Build AI Meeting Assistant

Learn how to build an AI assistant that turns meeting transcripts into summaries, decisions, action items, follow-ups, and clear next steps.

MeetingsSummarizationAction ItemsProductivityTranscriptsAI Assistant

Project Overview

An AI meeting assistant helps users convert long meeting notes or transcripts into useful outputs.

It can summarize discussions, identify decisions, extract action items, assign owners, detect risks, and generate follow-up messages.

This is a very practical AI project because almost every team has meetings and needs better follow-up discipline.

What This Project Does

  • Accepts meeting notes or transcript text
  • Generates a short meeting summary
  • Extracts key decisions
  • Finds action items
  • Identifies owners and deadlines if mentioned
  • Highlights risks, blockers, and open questions
  • Creates a follow-up email or Slack message

Why This Project Is Useful

Teams often lose important decisions and action items after meetings.

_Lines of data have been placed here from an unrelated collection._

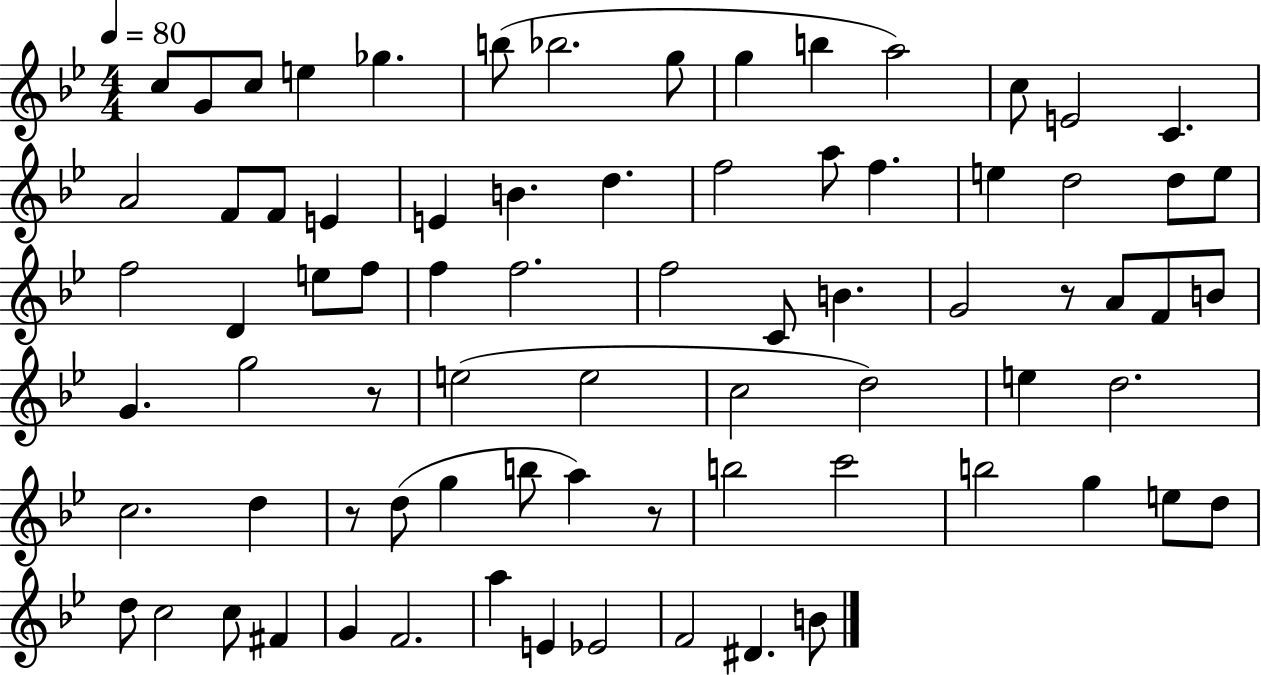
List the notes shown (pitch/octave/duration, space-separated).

C5/e G4/e C5/e E5/q Gb5/q. B5/e Bb5/h. G5/e G5/q B5/q A5/h C5/e E4/h C4/q. A4/h F4/e F4/e E4/q E4/q B4/q. D5/q. F5/h A5/e F5/q. E5/q D5/h D5/e E5/e F5/h D4/q E5/e F5/e F5/q F5/h. F5/h C4/e B4/q. G4/h R/e A4/e F4/e B4/e G4/q. G5/h R/e E5/h E5/h C5/h D5/h E5/q D5/h. C5/h. D5/q R/e D5/e G5/q B5/e A5/q R/e B5/h C6/h B5/h G5/q E5/e D5/e D5/e C5/h C5/e F#4/q G4/q F4/h. A5/q E4/q Eb4/h F4/h D#4/q. B4/e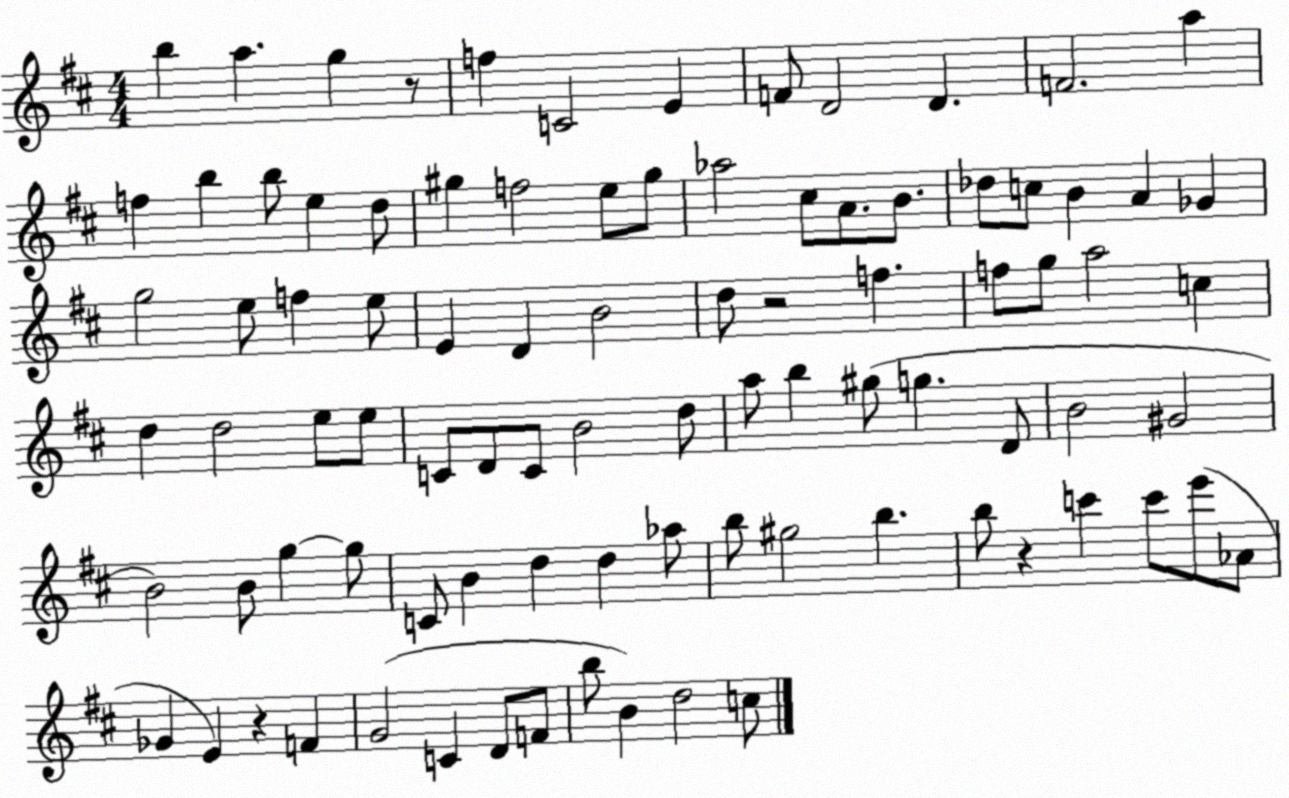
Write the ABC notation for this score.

X:1
T:Untitled
M:4/4
L:1/4
K:D
b a g z/2 f C2 E F/2 D2 D F2 a f b b/2 e d/2 ^g f2 e/2 ^g/2 _a2 ^c/2 A/2 B/2 _d/2 c/2 B A _G g2 e/2 f e/2 E D B2 d/2 z2 f f/2 g/2 a2 c d d2 e/2 e/2 C/2 D/2 C/2 B2 d/2 a/2 b ^g/2 g D/2 B2 ^G2 B2 B/2 g g/2 C/2 B d d _a/2 b/2 ^g2 b b/2 z c' c'/2 e'/2 _A/2 _G E z F G2 C D/2 F/2 b/2 B d2 c/2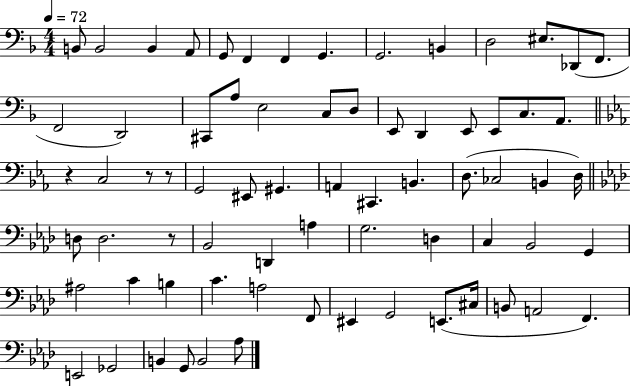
X:1
T:Untitled
M:4/4
L:1/4
K:F
B,,/2 B,,2 B,, A,,/2 G,,/2 F,, F,, G,, G,,2 B,, D,2 ^E,/2 _D,,/2 F,,/2 F,,2 D,,2 ^C,,/2 A,/2 E,2 C,/2 D,/2 E,,/2 D,, E,,/2 E,,/2 C,/2 A,,/2 z C,2 z/2 z/2 G,,2 ^E,,/2 ^G,, A,, ^C,, B,, D,/2 _C,2 B,, D,/4 D,/2 D,2 z/2 _B,,2 D,, A, G,2 D, C, _B,,2 G,, ^A,2 C B, C A,2 F,,/2 ^E,, G,,2 E,,/2 ^C,/4 B,,/2 A,,2 F,, E,,2 _G,,2 B,, G,,/2 B,,2 _A,/2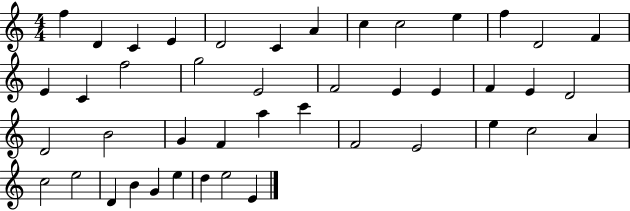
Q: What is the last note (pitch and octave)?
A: E4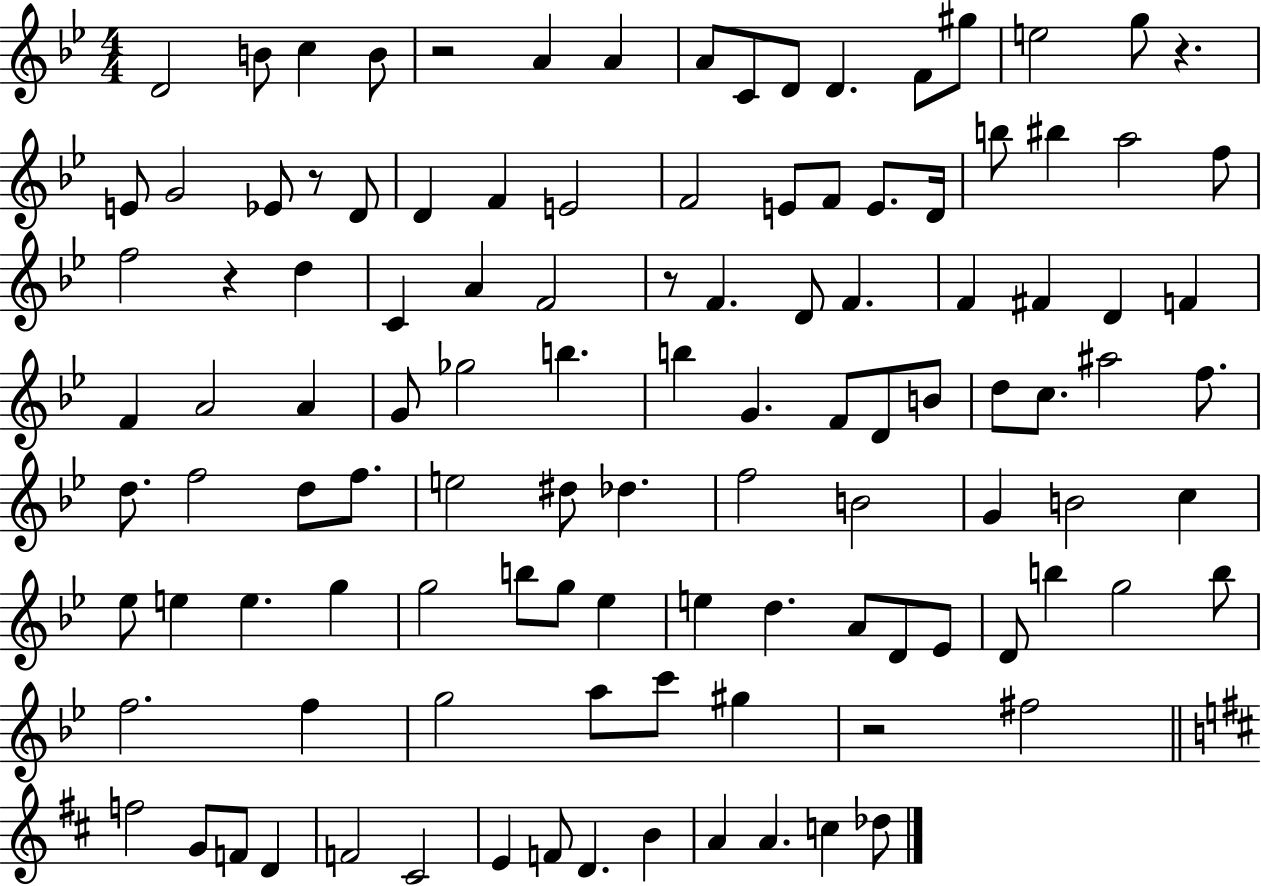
{
  \clef treble
  \numericTimeSignature
  \time 4/4
  \key bes \major
  d'2 b'8 c''4 b'8 | r2 a'4 a'4 | a'8 c'8 d'8 d'4. f'8 gis''8 | e''2 g''8 r4. | \break e'8 g'2 ees'8 r8 d'8 | d'4 f'4 e'2 | f'2 e'8 f'8 e'8. d'16 | b''8 bis''4 a''2 f''8 | \break f''2 r4 d''4 | c'4 a'4 f'2 | r8 f'4. d'8 f'4. | f'4 fis'4 d'4 f'4 | \break f'4 a'2 a'4 | g'8 ges''2 b''4. | b''4 g'4. f'8 d'8 b'8 | d''8 c''8. ais''2 f''8. | \break d''8. f''2 d''8 f''8. | e''2 dis''8 des''4. | f''2 b'2 | g'4 b'2 c''4 | \break ees''8 e''4 e''4. g''4 | g''2 b''8 g''8 ees''4 | e''4 d''4. a'8 d'8 ees'8 | d'8 b''4 g''2 b''8 | \break f''2. f''4 | g''2 a''8 c'''8 gis''4 | r2 fis''2 | \bar "||" \break \key b \minor f''2 g'8 f'8 d'4 | f'2 cis'2 | e'4 f'8 d'4. b'4 | a'4 a'4. c''4 des''8 | \break \bar "|."
}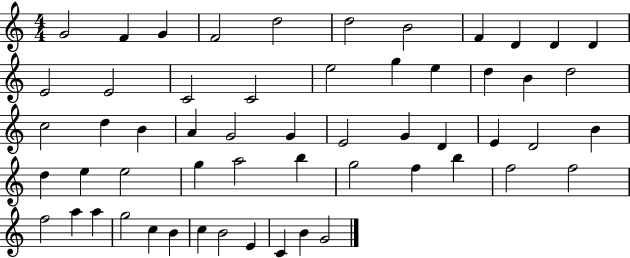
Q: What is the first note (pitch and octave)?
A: G4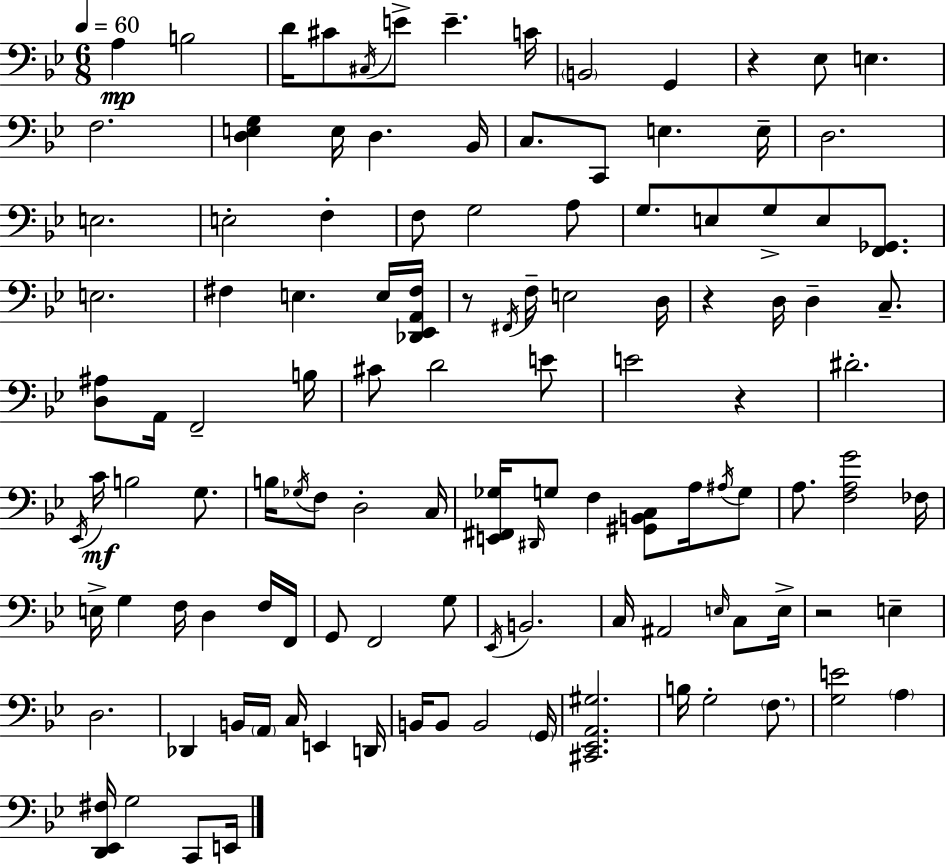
X:1
T:Untitled
M:6/8
L:1/4
K:Gm
A, B,2 D/4 ^C/2 ^C,/4 E/2 E C/4 B,,2 G,, z _E,/2 E, F,2 [D,E,G,] E,/4 D, _B,,/4 C,/2 C,,/2 E, E,/4 D,2 E,2 E,2 F, F,/2 G,2 A,/2 G,/2 E,/2 G,/2 E,/2 [F,,_G,,]/2 E,2 ^F, E, E,/4 [_D,,_E,,A,,^F,]/4 z/2 ^F,,/4 F,/4 E,2 D,/4 z D,/4 D, C,/2 [D,^A,]/2 A,,/4 F,,2 B,/4 ^C/2 D2 E/2 E2 z ^D2 _E,,/4 C/4 B,2 G,/2 B,/4 _G,/4 F,/2 D,2 C,/4 [E,,^F,,_G,]/4 ^D,,/4 G,/2 F, [^G,,B,,C,]/2 A,/4 ^A,/4 G,/2 A,/2 [F,A,G]2 _F,/4 E,/4 G, F,/4 D, F,/4 F,,/4 G,,/2 F,,2 G,/2 _E,,/4 B,,2 C,/4 ^A,,2 E,/4 C,/2 E,/4 z2 E, D,2 _D,, B,,/4 A,,/4 C,/4 E,, D,,/4 B,,/4 B,,/2 B,,2 G,,/4 [^C,,_E,,A,,^G,]2 B,/4 G,2 F,/2 [G,E]2 A, [D,,_E,,^F,]/4 G,2 C,,/2 E,,/4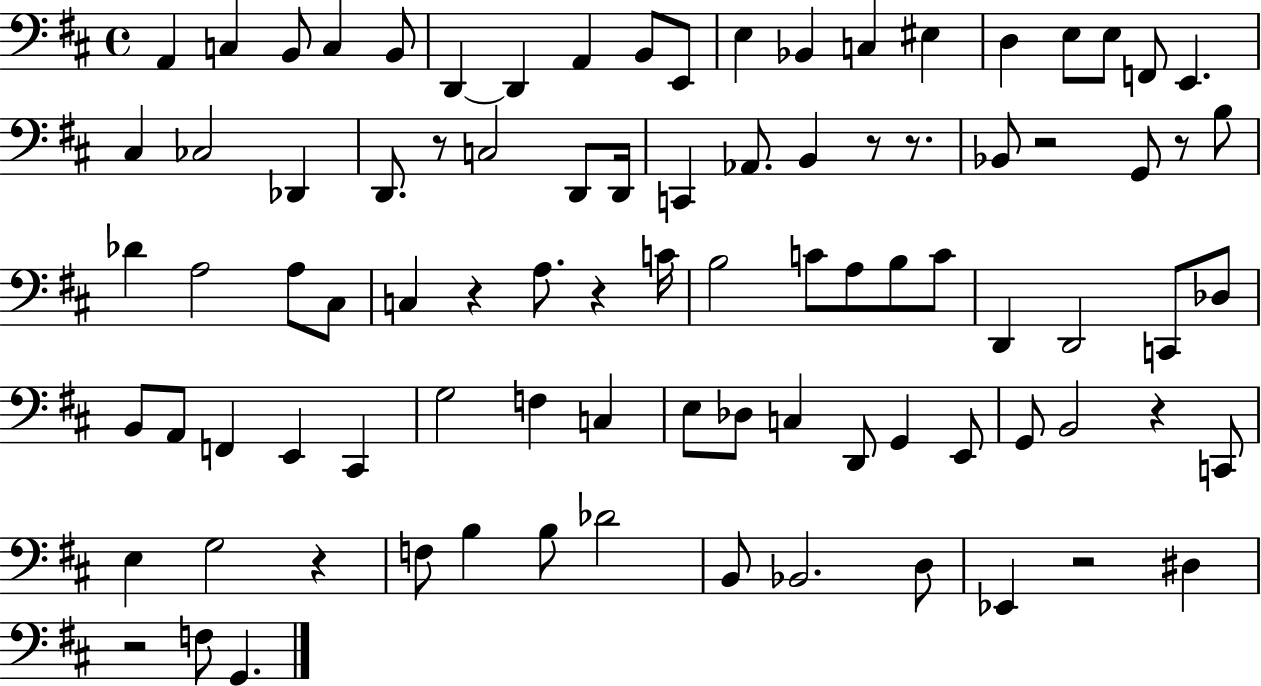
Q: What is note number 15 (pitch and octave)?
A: D3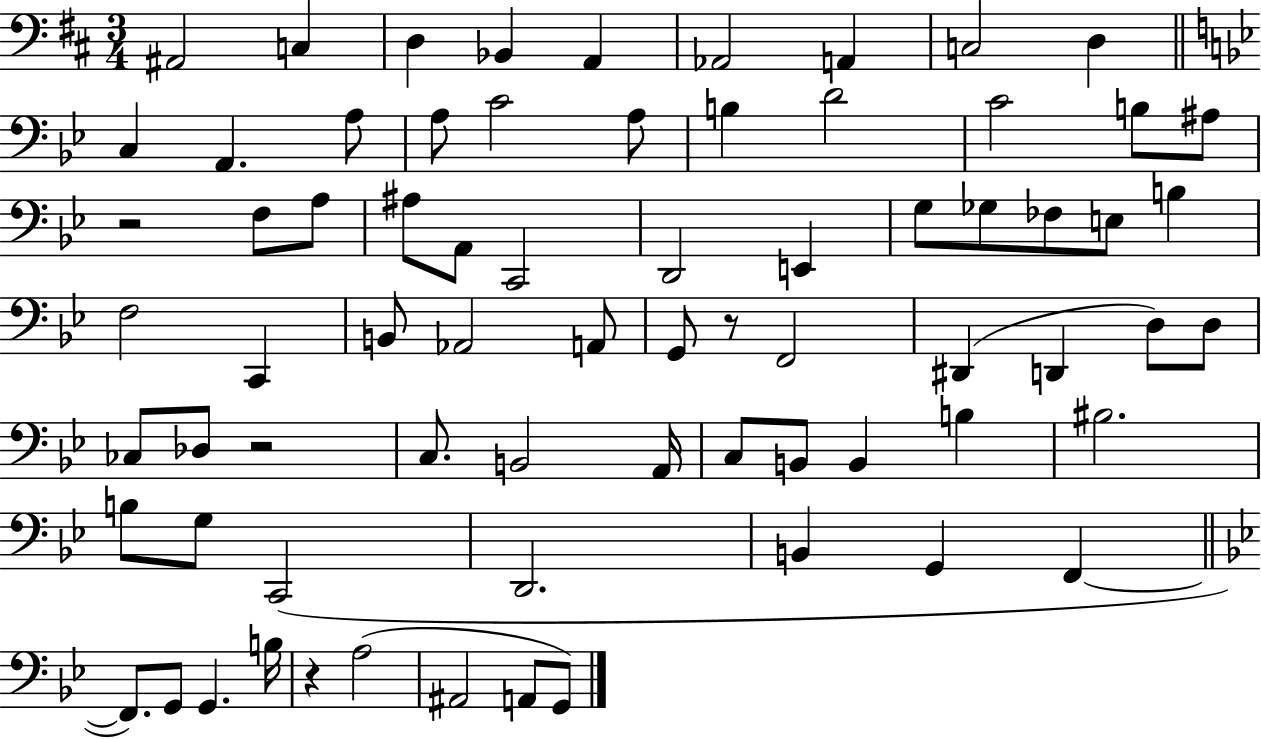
{
  \clef bass
  \numericTimeSignature
  \time 3/4
  \key d \major
  ais,2 c4 | d4 bes,4 a,4 | aes,2 a,4 | c2 d4 | \break \bar "||" \break \key bes \major c4 a,4. a8 | a8 c'2 a8 | b4 d'2 | c'2 b8 ais8 | \break r2 f8 a8 | ais8 a,8 c,2 | d,2 e,4 | g8 ges8 fes8 e8 b4 | \break f2 c,4 | b,8 aes,2 a,8 | g,8 r8 f,2 | dis,4( d,4 d8) d8 | \break ces8 des8 r2 | c8. b,2 a,16 | c8 b,8 b,4 b4 | bis2. | \break b8 g8 c,2( | d,2. | b,4 g,4 f,4~~ | \bar "||" \break \key bes \major f,8.) g,8 g,4. b16 | r4 a2( | ais,2 a,8 g,8) | \bar "|."
}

An AI meeting assistant helps convert discussion into execution.

This project is useful for managers, consultants, product teams, engineering teams, project managers, and founders.

Core Architecture

  • Frontend input form for transcript or meeting notes
  • Backend API for processing
  • Prompt template for meeting analysis
  • AI model API for summarization and extraction
  • Structured output for action items and decisions
  • Result page with copy-ready follow-up content

Suggested Tech Stack

  • Next.js, React, or Streamlit for frontend
  • Python with FastAPI or Flask for backend
  • OpenAI, Claude, Gemini, or another LLM provider
  • Optional speech-to-text API for audio meetings
  • Optional database for storing meeting history

Useful Output Sections

  • Executive summary
  • Discussion highlights
  • Decisions made
  • Action items
  • Owners
  • Deadlines
  • Risks and blockers
  • Follow-up message

Basic Workflow

  • User pastes meeting notes or transcript
  • The backend prepares the text for analysis
  • The AI model summarizes and extracts structured data
  • The system displays summary and action items
  • User copies or exports the follow-up message

Possible Improvements

  • Add audio upload support
  • Add speech-to-text transcription
  • Add calendar integration
  • Add email or Slack follow-up generation
  • Add action item tracking
  • Add team workspace support
  • Add export to PDF or Notion

What You Learn

  • Summarization prompt design
  • Structured output extraction
  • Workflow automation
  • Productivity-focused AI design
  • Real-world business AI use cases

Summary

Building an AI meeting assistant is a practical way to learn how AI can improve team productivity.

It teaches summarization, action item extraction, workflow design, and how to convert unstructured conversations into useful business outputs.